Retype all of the data word for word, without pictures.
[[ DATASET EXCERPT, beginning ]]
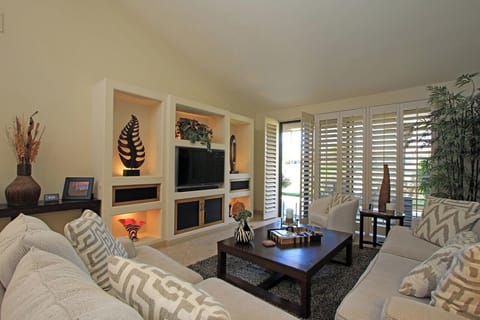 Comfy sofa and love seat with golf course view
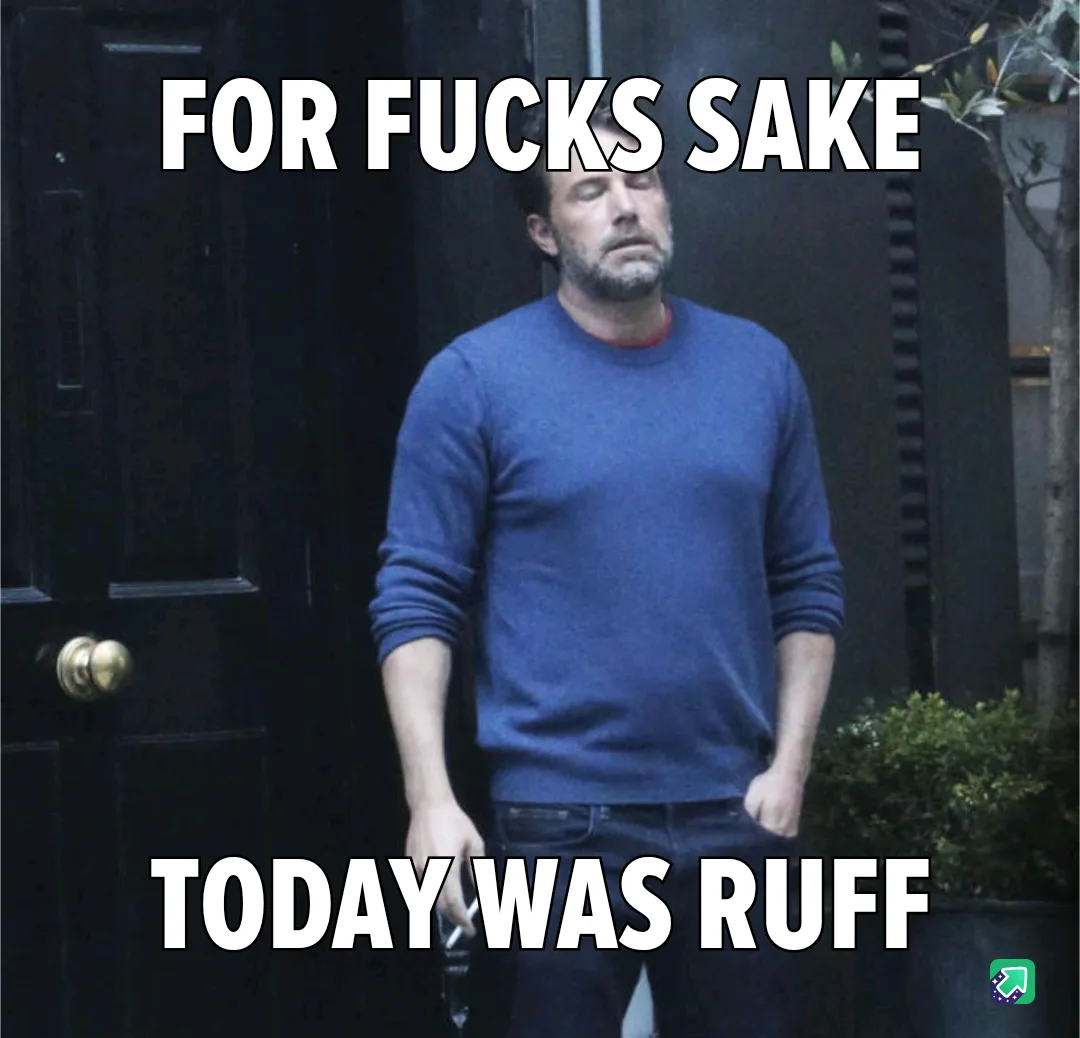 A man in a blue sweater stands outside a dark door with a weary, exasperated expression, hands in pockets. The image has…
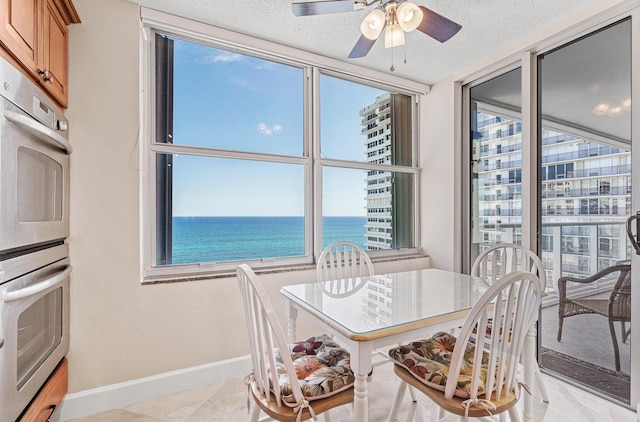 dining space with ceiling fan, plenty of natural light, a textured ceiling, and a water view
[[ DATASET EXCERPT, end ]]
=== TASK OUTPUT ===
 Comfy sofa and love seat with golf course view
 A man in a blue sweater stands outside a dark door with a weary, exasperated expression, hands in pockets. The image has…
 dining space with ceiling fan, plenty of natural light, a textured ceiling, and a water view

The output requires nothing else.